Goal of the exercise = Below are the records. Retype exactly the lines between the lines holding "Sorel Addington Healed" and "Vitorean y abuchean", inclusive.

Dataset records =
*** Begin section ***

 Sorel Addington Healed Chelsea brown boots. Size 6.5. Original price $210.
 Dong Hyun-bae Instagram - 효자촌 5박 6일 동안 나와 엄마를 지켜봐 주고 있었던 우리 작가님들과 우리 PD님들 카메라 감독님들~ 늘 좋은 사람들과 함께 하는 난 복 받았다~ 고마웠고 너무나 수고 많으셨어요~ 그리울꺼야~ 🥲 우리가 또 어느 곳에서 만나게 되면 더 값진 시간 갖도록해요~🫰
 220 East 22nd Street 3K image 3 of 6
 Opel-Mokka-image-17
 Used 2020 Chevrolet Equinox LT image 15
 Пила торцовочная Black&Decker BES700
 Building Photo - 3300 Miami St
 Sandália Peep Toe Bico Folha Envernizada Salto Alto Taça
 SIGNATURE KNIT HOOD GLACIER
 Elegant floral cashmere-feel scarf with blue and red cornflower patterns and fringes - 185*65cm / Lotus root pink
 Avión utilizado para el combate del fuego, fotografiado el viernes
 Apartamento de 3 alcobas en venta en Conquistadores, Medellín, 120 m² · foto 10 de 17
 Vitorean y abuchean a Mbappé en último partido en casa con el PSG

*** End section ***
*** Begin section ***

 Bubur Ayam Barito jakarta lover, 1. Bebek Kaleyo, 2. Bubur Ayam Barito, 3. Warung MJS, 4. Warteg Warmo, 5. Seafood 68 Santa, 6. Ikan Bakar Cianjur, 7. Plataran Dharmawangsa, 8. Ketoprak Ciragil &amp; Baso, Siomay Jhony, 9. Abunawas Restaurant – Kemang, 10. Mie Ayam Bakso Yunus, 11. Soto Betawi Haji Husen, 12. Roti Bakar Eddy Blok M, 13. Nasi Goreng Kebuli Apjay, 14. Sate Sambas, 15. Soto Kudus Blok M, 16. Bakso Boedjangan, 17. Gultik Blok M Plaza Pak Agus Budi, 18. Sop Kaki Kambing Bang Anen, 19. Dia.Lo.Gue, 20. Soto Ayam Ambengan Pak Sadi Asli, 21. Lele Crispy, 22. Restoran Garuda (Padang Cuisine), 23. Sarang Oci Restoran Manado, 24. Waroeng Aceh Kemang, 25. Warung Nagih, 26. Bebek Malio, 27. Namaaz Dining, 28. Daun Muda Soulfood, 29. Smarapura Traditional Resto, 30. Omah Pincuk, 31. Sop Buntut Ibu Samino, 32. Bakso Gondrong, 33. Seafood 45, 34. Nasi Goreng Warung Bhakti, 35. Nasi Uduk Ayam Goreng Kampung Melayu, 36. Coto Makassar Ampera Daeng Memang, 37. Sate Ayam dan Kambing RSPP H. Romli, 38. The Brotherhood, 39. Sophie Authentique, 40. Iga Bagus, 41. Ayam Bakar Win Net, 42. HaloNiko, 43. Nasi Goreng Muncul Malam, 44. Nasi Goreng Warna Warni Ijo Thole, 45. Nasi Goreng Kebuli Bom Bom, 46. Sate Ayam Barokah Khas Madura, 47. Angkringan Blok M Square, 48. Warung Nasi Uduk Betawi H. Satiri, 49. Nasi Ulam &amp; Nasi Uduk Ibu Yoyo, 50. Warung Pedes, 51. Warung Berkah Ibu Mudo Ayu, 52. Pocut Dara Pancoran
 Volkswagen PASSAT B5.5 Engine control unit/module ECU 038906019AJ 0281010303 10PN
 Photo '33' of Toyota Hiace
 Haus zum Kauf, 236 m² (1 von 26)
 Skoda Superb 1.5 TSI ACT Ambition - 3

*** End section ***
*** Begin section ***

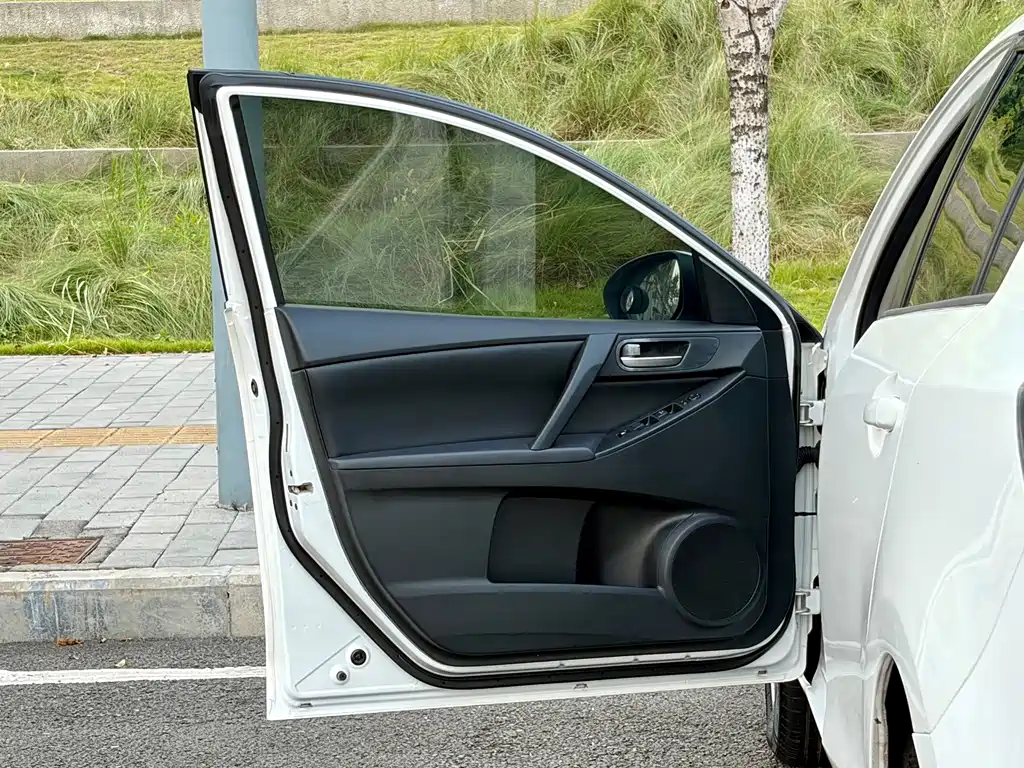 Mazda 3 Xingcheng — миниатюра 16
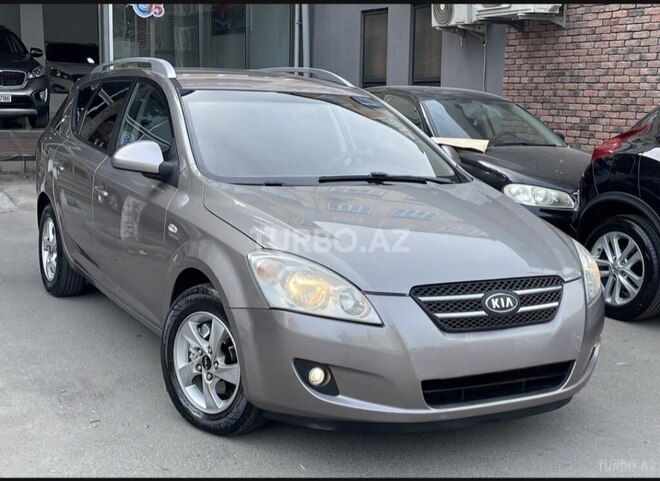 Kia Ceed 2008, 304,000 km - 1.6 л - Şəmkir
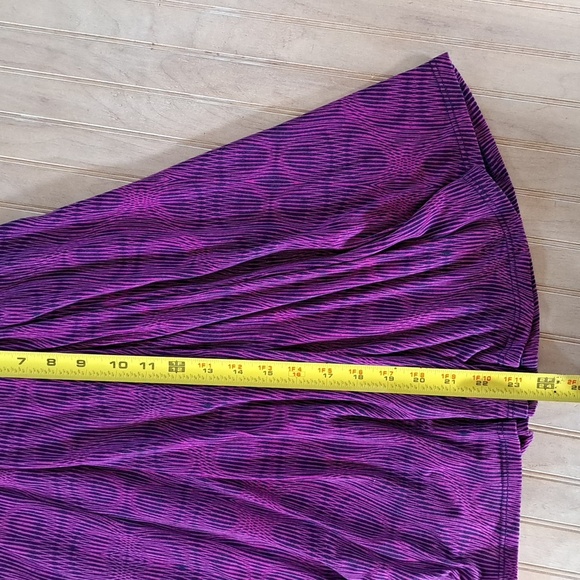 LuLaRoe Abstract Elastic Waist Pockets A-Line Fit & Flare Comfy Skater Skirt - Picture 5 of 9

*** End section ***

Your solution =
 Sorel Addington Healed Chelsea brown boots. Size 6.5. Original price $210.
 Dong Hyun-bae Instagram - 효자촌 5박 6일 동안 나와 엄마를 지켜봐 주고 있었던 우리 작가님들과 우리 PD님들 카메라 감독님들~ 늘 좋은 사람들과 함께 하는 난 복 받았다~ 고마웠고 너무나 수고 많으셨어요~ 그리울꺼야~ 🥲 우리가 또 어느 곳에서 만나게 되면 더 값진 시간 갖도록해요~🫰
 220 East 22nd Street 3K image 3 of 6
 Opel-Mokka-image-17
 Used 2020 Chevrolet Equinox LT image 15
 Пила торцовочная Black&Decker BES700
 Building Photo - 3300 Miami St
 Sandália Peep Toe Bico Folha Envernizada Salto Alto Taça
 SIGNATURE KNIT HOOD GLACIER
 Elegant floral cashmere-feel scarf with blue and red cornflower patterns and fringes - 185*65cm / Lotus root pink
 Avión utilizado para el combate del fuego, fotografiado el viernes
 Apartamento de 3 alcobas en venta en Conquistadores, Medellín, 120 m² · foto 10 de 17
 Vitorean y abuchean a Mbappé en último partido en casa con el PSG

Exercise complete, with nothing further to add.